Both Batman and Harvey Bullock continue to investigate the death of Elena Aguila, and once Bruce is done investigating her car that was thrown into the bay, he sends a tip over to Bullock, who still seems desperate to connect it to Wayne. After going through the car, knowing Batman has been there first, Bullock and the rest of the GCPD clean up the scene left by Batman, including Sumo and the kids he was trafficking, as well as looking into the details of a single shipping container missing from the dock.

That morning, before heading back into the cave, Bruce finds Elena's daughter on the docks by herself, pretty depressed, and potentially following some drug use, and gives her one of those inspirational Batman speeches, before disappearing. Meanwhile, we see a bit into Harvey's personal life, and boy does he love cats. Harvey also loves when his investigations link back to Bruce Wayne, so he's going to love that the shipping container that was missing got linked back to some Wayne Enterprises accountant, whose probably on the Kings of the Sun payroll. As that guy is trying to get rid of the paper trail, Bullock pays him a visit.

Elsewhere, Batman is on the trail of The Squid, which brings him to the old Aquarium, which Alfred points out is a bit cheap for a guy named "The Squid," but Bruce reminds him that Gotham villains aren't that subtle... Highlighted by the point that Bruce gets attacked by a giant squid not too long after that, while The Squid and his brother watch on.

But of course Bruce has got some gadgets to help him electrocute the squid and dump it into the ocean, but once he's gotten back on to dry land, The Kings of the Sun have shown up and are in a standoff with The Squid and his men.


The Good:

The art just keeps getting better from one issue to the next, especially the coloring. Brian Buccellato is really outdoing himself with these pages. The colors in the scene with the actual squid are phenomenal, especially the initial panel when the glass breaks and Batman is dragged into the water.

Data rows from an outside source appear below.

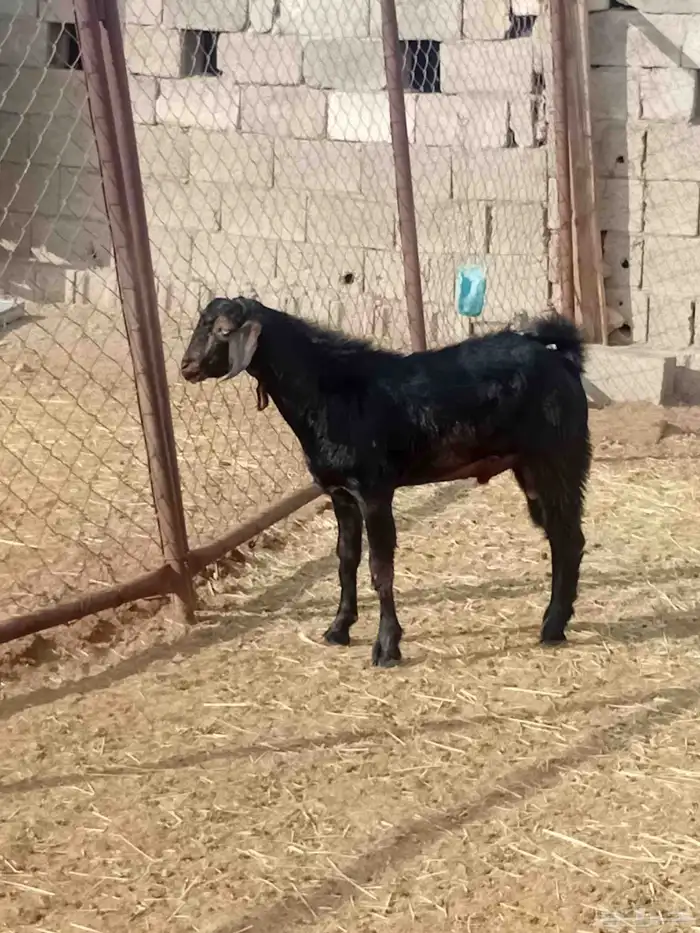 مشروع تيس فحل 5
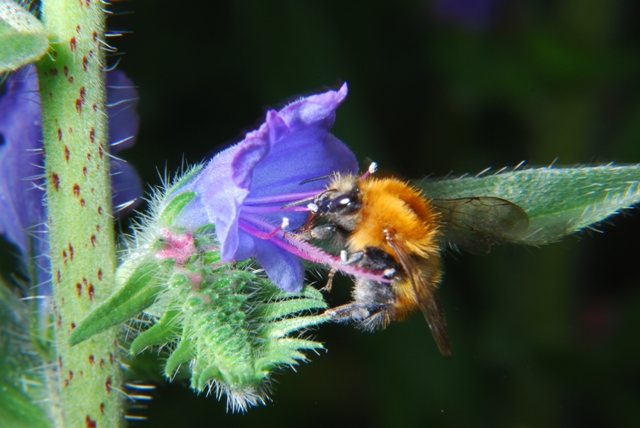 Bombus pascuorum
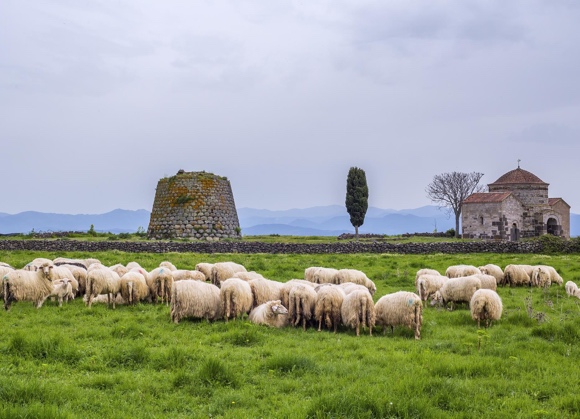 Agnello di Sardegna Igp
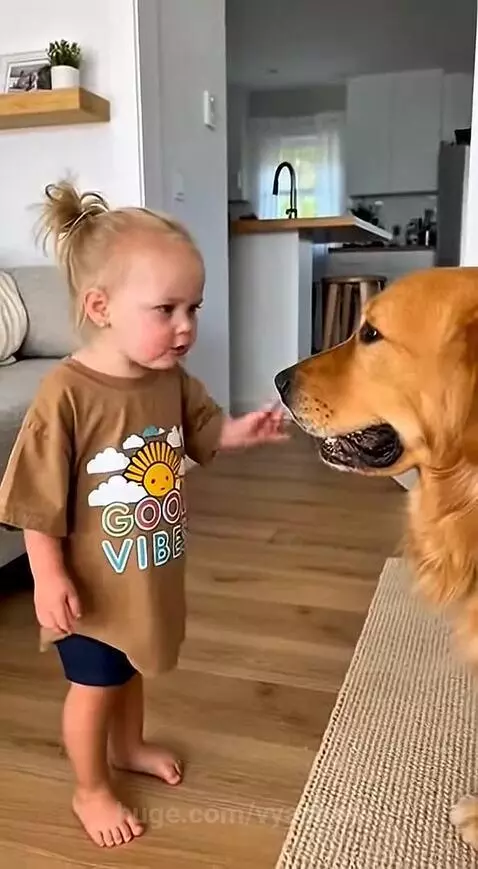 💙💙💙Subscribe to my YouTube channel using the link in my prof... by vyaches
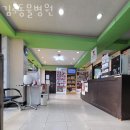 S동물병원 | 고양 정발산동 동물병원 김s동물병원 위치 오는길 후기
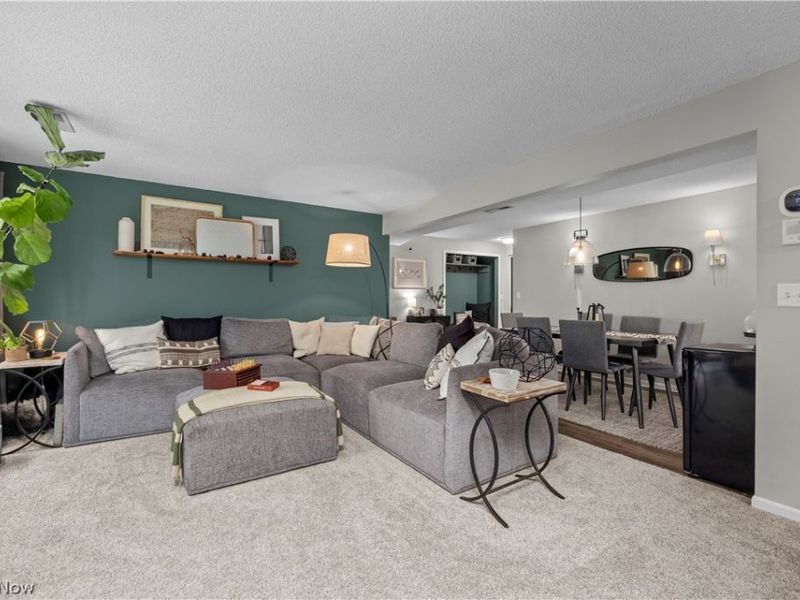 6231 Hidden Creek Drive , Unit 232, Lorain, OH 44053 Photo 4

From a story perspective, the creative team does a good job of balancing personal moments with the big action set pieces. The Batman/Annie scene was nice and heartfelt, and I don't know what it was about seeing that Bullock is a crazy cat lady, but it humanizes him quite a bit, and it's fun to see someone other than Gordon in the spotlight with the Batman/Cop interaction bit.

The Bad: 

This run has gotten by on the art, and for good reason, that said, the story still leaves me wanting a bit more. Maybe it's because of the small scale nature of the story compared to other Batman books at the moment, but the lack of a real key antagonist is where I'm finding things to be a bit weaker. The threat at hand just seems to be very general instead of being this focused point. 

The Bottom Line:

Would I prefer the threat of this storyline to be more pressing and well defined? Sure. But the thing to remember is that Batman is character whose stories can vary in scale very drastically. This type of street level story that "Icarus" is turning out to be, is just as valid of a Batman story as is Batman being sent back through time being chased by some Darkseid monster which possesses a distant ancestor who--you know what, it's known. Manapul and Buccellato have set out to tell a very distinct type of Batman story, and not only do they do it well, but they do it with some of the most stunning art of any comic on the stands at the moment. 


1 comment :

  1. I've been in love with this series since Manapul and Buccellato stepping in. The art is gorgeous and I like them fleshing out Bullock a little. The whole thing feels pretty spot on for what I hoped to get from them. I'll probably collect this arc as a volume because it's so damned nice to gawk at.